Castro's Cuba: Bay Of Pigs As A 'Fascinating And Important' Failed Endeavor
LINDA WERTHEIMER, HOST:
Fidel Castro took power in Cuba in 1959, forcing dictator Fulgencio Batista out. At that point, most of Cuba's sugar plantations and other assets were owned by Americans and there was tremendous pressure in this country to remove Castro. In 1961, President John Kennedy tried, supporting a coup attempt that came to be known as the Bay of Pigs. It failed almost immediately. And after that, Castro's control of Cuba grew stronger and relations with the U.S. fell apart.
Jim Rasenberger is the author of "The Brilliant Disaster: JFK, Castro, And America's Doomed Invasion Of Cuba's Bay Of Pigs." He joins me from the studios of the Radio Foundation in New York City.

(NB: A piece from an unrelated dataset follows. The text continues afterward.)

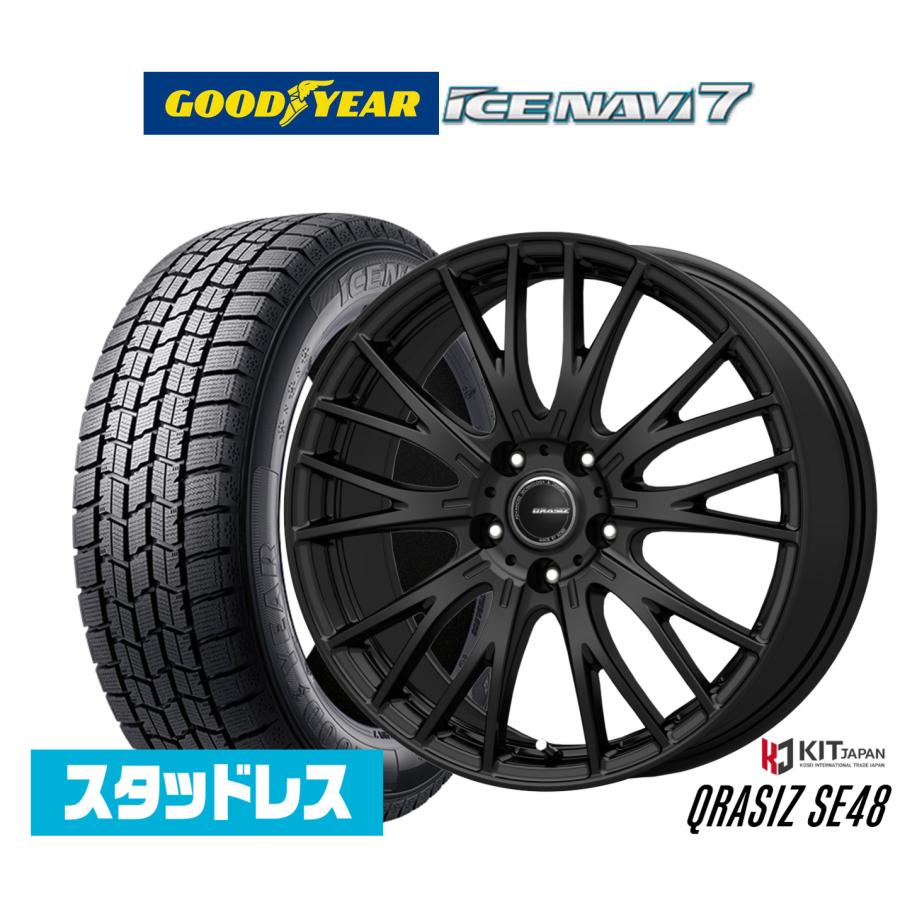 ★GOOD YEAR ICE NAVI ZEAII スタッドレス 175/65R15 トヨタ ポルテ ホイールセット★ グッドイヤー（GOODYEAR） 175/65R15 スタッドレスタイヤホイール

JIM RASENBERGER: Great to be here. Thank you.
WERTHEIMER: So take us back to 1961 and remind us why the United States - and specifically the Kennedy administration - felt so strongly that they had to pull Castro off this little island - that there was no way to coexist.
RASENBERGER: Yeah. I mean, the first thing anyone thinking about that time has to understand is the tremendous fear that Americans had of communism. I mean, now we look back on that and it can seem sort of ridiculous that we ever had a time when we thought the Communists were going to take over the world. But that is indeed what most Americans thought at the time.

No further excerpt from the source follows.